TASK DIRECTIONS: Write the entries out again exactly as they stand, but without the pictures.

——————

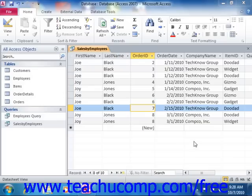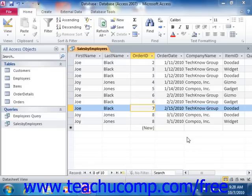The question mark represents one unknown character. So using a criteria such as N question mark D would only find three-letter N-blank-D words like Ned and Nod. Note that you can type in as many question marks as you need to fill in the requisite unknown characters. So typing N question mark question mark D would find four-letter N-D words like Need and Nerd.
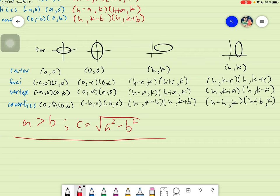Good day again, Grade 12. For today, we will be answering sample problems regarding ellipses. Firstly, before we go there, take note of the following.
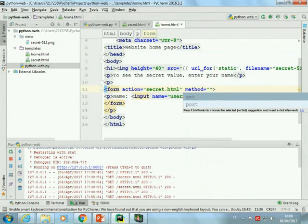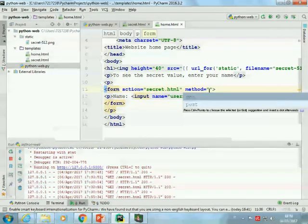We have one page where the user can enter the data and a different page whose goal is to process and act on the data. The name of the attribute here is 'action'. Action is the name of the web page that will receive this data — in our case, it would be 'secret'. The second attribute is 'method'. The form pulls together all the elements, and when the user clicks submit, it takes all the values and sends them to the specified action URL with an HTTP call.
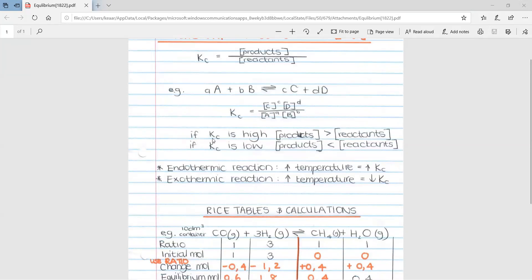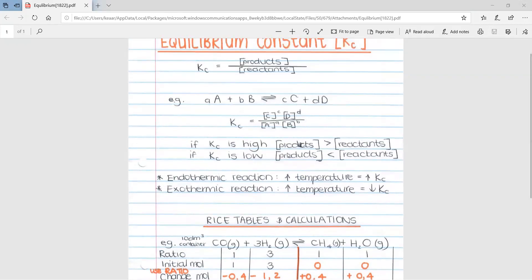They can ask one or two practical questions after asking you to calculate Kc. If Kc is a high value, that means the concentration of products is greater than the concentration of reactants. You can understand this by looking at the fraction — a high number divided by a low number gives a high value. If the top is smaller than the bottom, you get a fraction, meaning Kc is low, so the concentration of products is less than the concentration of reactants.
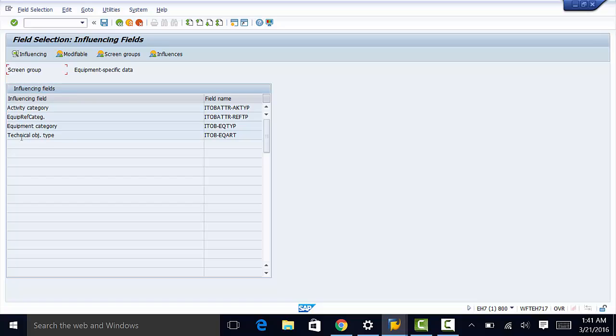The last thing we are going to look at is the influencing fields. These are the influencing fields for this specific screen group. In the next video, we are going to see how to customize list variants.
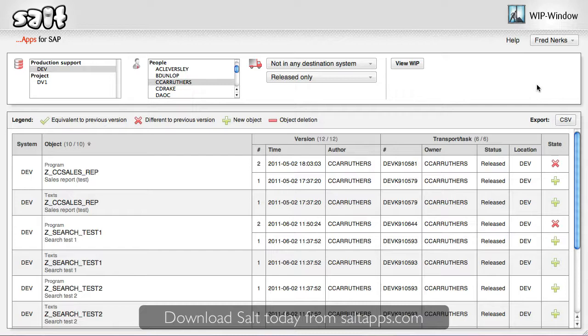Secondly, for managers, WIPwindow allows you to keep on top of who is working on what, and ensure the changes being made are the correct ones. You don't need to analyze transport lists or go around the office asking individual developers what they're working on to fully understand what changes are occurring in your SAP systems. And by monitoring work in progress with WIPwindow, you can ensure that all changes are handled in a timely manner according to change management processes.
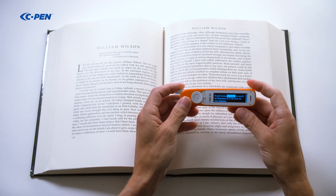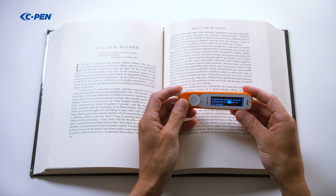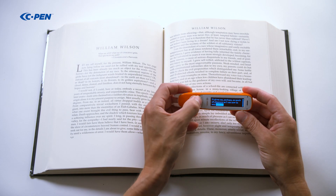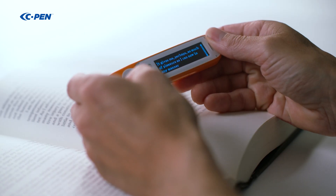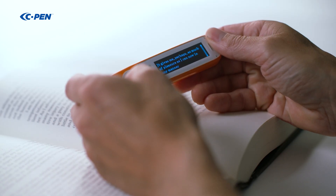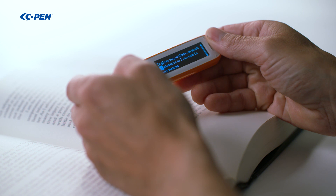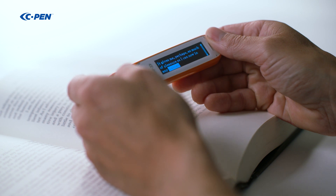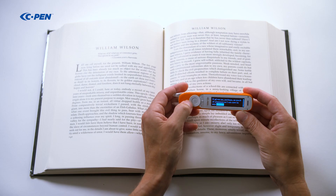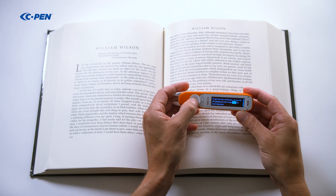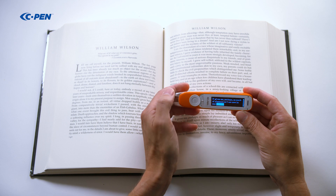It gives me, perhaps, as much of pleasure as I can now in any manner. To re-listen, press the right button to wrap up to start and press OK. Or move the cursor to any position and press OK to re-listen to a part of the text.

——————

COMPLETED EXERCISE:
The question mark represents one unknown character. So using a criteria such as N question mark D would only find three-letter N-blank-D words like Ned and Nod. Note that you can type in as many question marks as you need to fill in the requisite unknown characters. So typing N question mark question mark D would find four-letter N-D words like Need and Nerd.
Good day again, Grade 12. For today, we will be answering sample problems regarding ellipses. Firstly, before we go there, take note of the following.
We have one page where the user can enter the data and a different page whose goal is to process and act on the data. The name of the attribute here is 'action'. Action is the name of the web page that will receive this data — in our case, it would be 'secret'. The second attribute is 'method'. The form pulls together all the elements, and when the user clicks submit, it takes all the values and sends them to the specified action URL with an HTTP call.
They can ask one or two practical questions after asking you to calculate Kc. If Kc is a high value, that means the concentration of products is greater than the concentration of reactants. You can understand this by looking at the fraction — a high number divided by a low number gives a high value. If the top is smaller than the bottom, you get a fraction, meaning Kc is low, so the concentration of products is less than the concentration of reactants.
The last thing we are going to look at is the influencing fields. These are the influencing fields for this specific screen group. In the next video, we are going to see how to customize list variants.
Secondly, for managers, WIPwindow allows you to keep on top of who is working on what, and ensure the changes being made are the correct ones. You don't need to analyze transport lists or go around the office asking individual developers what they're working on to fully understand what changes are occurring in your SAP systems. And by monitoring work in progress with WIPwindow, you can ensure that all changes are handled in a timely manner according to change management processes.
It gives me, perhaps, as much of pleasure as I can now in any manner. To re-listen, press the right button to wrap up to start and press OK. Or move the cursor to any position and press OK to re-listen to a part of the text.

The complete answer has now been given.